Il est des chroniques plus difficile à écrire que d'autres parce qu'on ne sait pas vraiment par quel bout commencer, ni comment l'introduire.
Un peu comme un oeuf qu'une poule aurait du mal à pondre tant la lecture fut longue, dure, intensive, mélangeant des tas d'émotions qu'à la fin, on termine un peu saoule. Et devant sa page blanche.
Éliminons déjà le caillou dans la chaussure, perçons l'abcès de suite : j'avais pris plus de plaisir dans «
Une journée d'Ivan Denissovitch » mais les deux romans ne sont pas comparables au niveau du nombre de pages (700 ici).
Pourtant, dans cet hôpital qui soigne les cancéreux, nous avons ici aussi un large panel de la société russe dans toute sa splendeur.
Paul Roussanov est un crétin fini (dans le sens de veule et méprisant) qui s'insurge qu'une tumeur ait osé s'en prendre à lui, cadre zélé du parti communiste ! Non mais… Il est exigeant, s'insurge qu'on ne l'ait pas encore examiné après 18h et menace toujours de porter plainte.
Face à lui, Kostoglotov, un relégué qui a vécu les purges staliniennes, les camps du goulag et la guerre. Un personnage que j'ai mis du temps à cerner…
Nous avons aussi, pour équilibrer le bateau, le bienveillant Sigbatov, condamné à se faire emporter par sa maladie, le cynique Pouddouïev, un moribond désoeuvré… Chaly qui boit de la vodka,
Sans oublier l'étrange Chouloubine, qui contemple la salle, silencieux. du côté des médecins, on a la dévouée Lioudmila Dontsova, Vera Kornilievna Gangart dont la vie se résume à son travail, le serein Léonidovitch, le chirurgien respecté, et Zoé, l'impudente et naïve infirmière.
Dans cet espèce de huis-clos où toutes ces personnes sont obligées de cohabiter, malgré leurs différences de statut social (le Roussanov a refusé le pyjama de l'hosto et a amené le sien), vous n'échapperez pas aux méthodes de soin de l'époque – déjà des rayons, oui ! – ni aux regards des médecins sur ce crabe qu'ils tentaient déjà d'enrayer à l'époque.
L'époque, parlons-en, tien ! Elle n'est pas de tout repos non plus… 1955, Staline est out, mort et embaumé, et le pays est dans une phase de déstalinisation, ce qui n'arrange rien.
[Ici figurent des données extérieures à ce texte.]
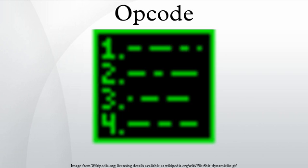In computing, an opcode is the portion of a machine language instruction that specifies the operation to be performed. Beside the opcode itself, instructions usually specify the data they will process, in form of operands.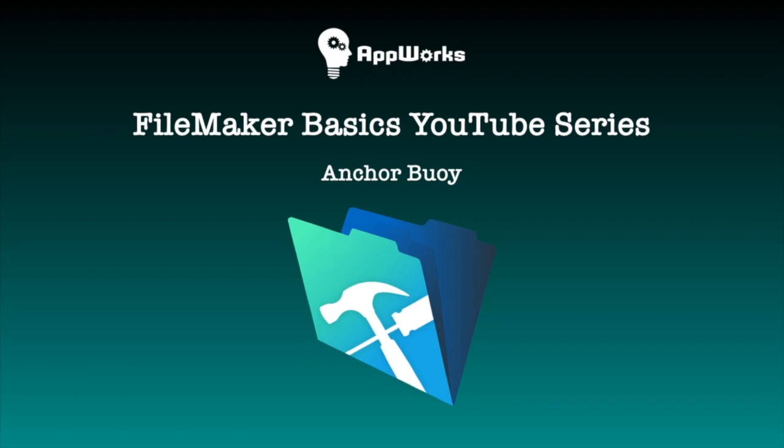Hi, this is Matt with AppWorks and today's video is going to be about Anchor Buoy and comparing and contrasting that with the spider graph.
La maladie, par contre, les met égaux, se fichant pas mal qu'ils soient ancien prisonnier ou cadre du parti ! Là, c'est égalité. Et la maladie vous montre aussi une part peu connue des gens malades. Pas toujours la meilleure chez certains.
Malgré le fait que j'ai aimé découvrir ce petit monde qui souffre, qui espère, qui partage, qui se chamaille, qui perdent courage, qui se battent, j'ai souffert de certaines longueurs dans le roman au point que j'ai sauté des lignes.
Problème aussi, le nom des personnages qui changent souvent, étant appelé selon un nom et ensuite un autre… ça n'aide pas ! Lioudmila Afanassievna alias Dontsova, par exemple ou Paul Nikolaievitch qui est ensuite appelé Roussanov ou Paul Nikolaievitch Roussanov. Bon, lui, vu son caractère de chien, il était reconnaissable.
Soljenitsyne a été soigné dans un pavillon pour cancéreux et il a connu l
e goulag… Kostoglotov devait lui ressembler un peu. Un homme qui a connu l'horreur dans la vie et qui malgré tout, avance encore et toujours. J'ai aimé le personnage.
C'est un roman sombre, qui vous parle de ce régime qui oubliait sciemment ses membres les plus faibles et qui se complaisait dans ses odieuses certitudes.
Un roman qui vous ouvrira tout grand les portes de la souffrance humaine…
Un roman qui vous fera découvrir la Russie du 20ème siècle, celle de tous les excès, sa grandeur, ses injustices et l'amour énorme que portent ses habitants à leur chère patrie.
Un roman où il ne faut pas vraiment chercher un récit, une histoire, du suspense, car vous êtes juste face à un panel de patients et des médecins qui sont confrontés à la maladie et au manque de place dans cet hôpital de Tachkent
Un roman sombre, un roman qui dénonce un régime, un roman humaniste aussi, qui met en avant la capacité de l'humain à s'inscrire dans son destin. Ou pas.